ECLI:NL:CRVB:2009:BI3909

Centrale Raad van Beroep

Datum uitspraak
7 mei 2009
Publicatiedatum
5 april 2013
Zaaknummer
07-7013 AW
Instantie
Centrale Raad van Beroep
Type
Uitspraak
Procedures
  • Hoger beroep
Rechters
Vindplaatsen
  • Rechtspraak.nl
AI samenvatting door LexboostAutomatisch gegenereerd

Bevestiging van ontslag wegens plichtsverzuim van een politieagent

In deze zaak heeft de Centrale Raad van Beroep op 7 mei 2009 uitspraak gedaan in het hoger beroep van een politieagent die was ontslagen wegens plichtsverzuim. De appellant, die sinds 1 september 1999 in dienst was, werd verweten dat hij in diensttijd met een politieauto buiten de regiogrenzen had gereden en daarbij verkeersvoorschriften had overtreden. De korpsbeheerder had na een grootschalig disciplinair onderzoek besloten tot ontslag, wat door de rechtbank Dordrecht in een eerdere uitspraak werd bekrachtigd. De appellant erkende de gedragingen, maar stelde dat de opgelegde straf onevenredig was en dat er sprake was van strijd met het gelijkheidsbeginsel.

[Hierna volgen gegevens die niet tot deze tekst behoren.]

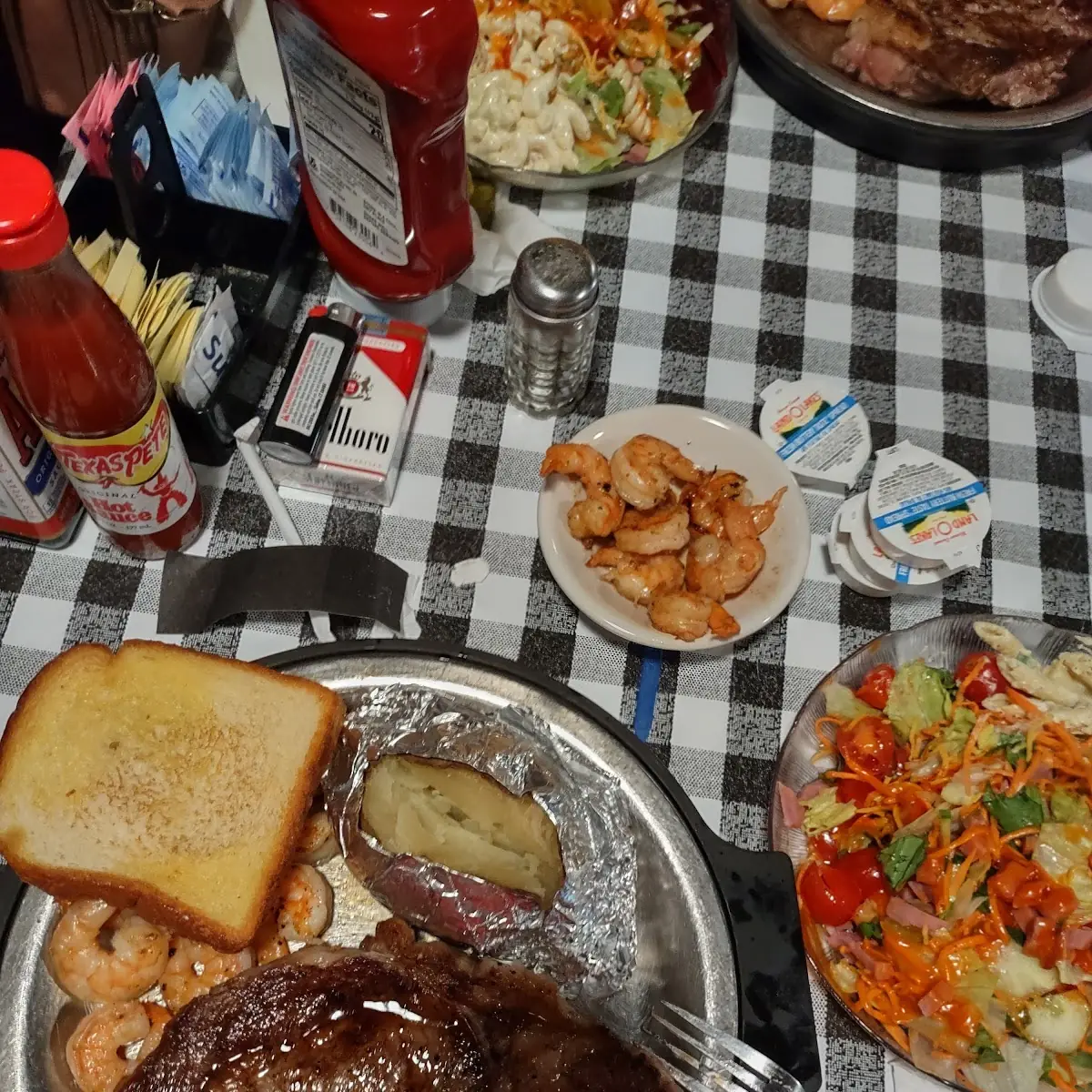 9 Oz Ribeye Steak and Grilled Shrimp
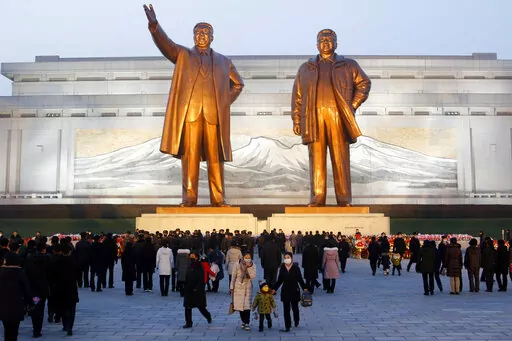 Citizens visit the bronze statues of their late leaders Kim Il Sung, left, and Kim Jong Il on Mansu Hill in Pyongyang, North Korea Thursday, Dec. 16, 2021, on the occasion of 10th anniversary of demise of Kim Jong Il. (AP Photo/Cha Song Ho)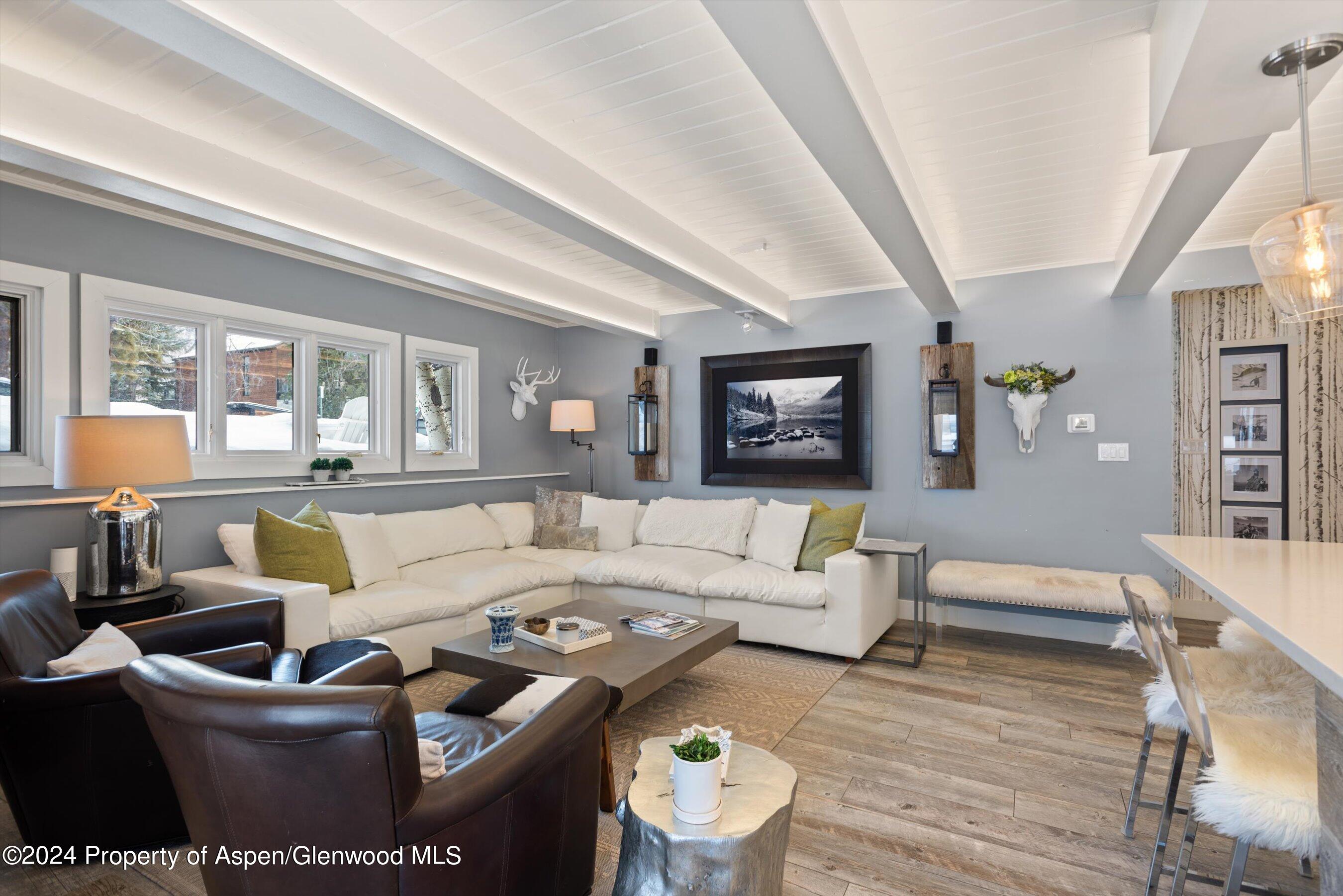 825 East Hopkins Avenue, Unit 1N Aspen, CO 81611 - Photo 2 of 16 a living room with furniture wooden floor and a large window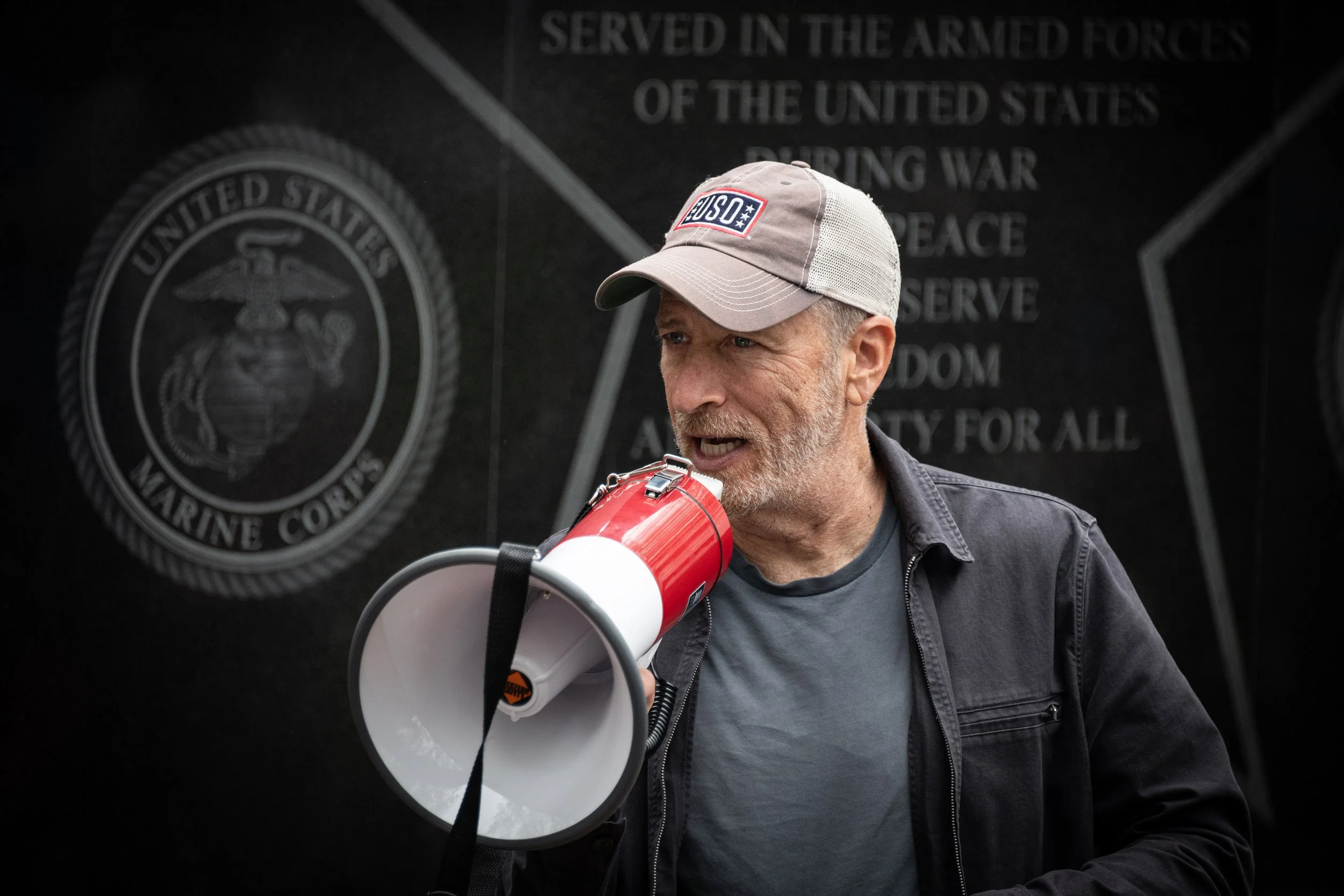 Actor turned activist Jon Stewart speaks to a crowd at a PactAct rally.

De Raad overwoog dat de korpsbeheerder niet in strijd met het gelijkheidsbeginsel had gehandeld, omdat de straffen op basis van een individuele benadering waren opgelegd. De Raad bevestigde de eerdere uitspraak van de rechtbank en oordeelde dat de opgelegde straf niet onevenredig was aan de ernst van het plichtsverzuim. De Raad benadrukte dat de appellant tijdens zijn ritten niet inzetbaar was voor zijn kerntaken als politieagent en dat zijn gedrag het vertrouwen in hem als agent ernstig had geschaad.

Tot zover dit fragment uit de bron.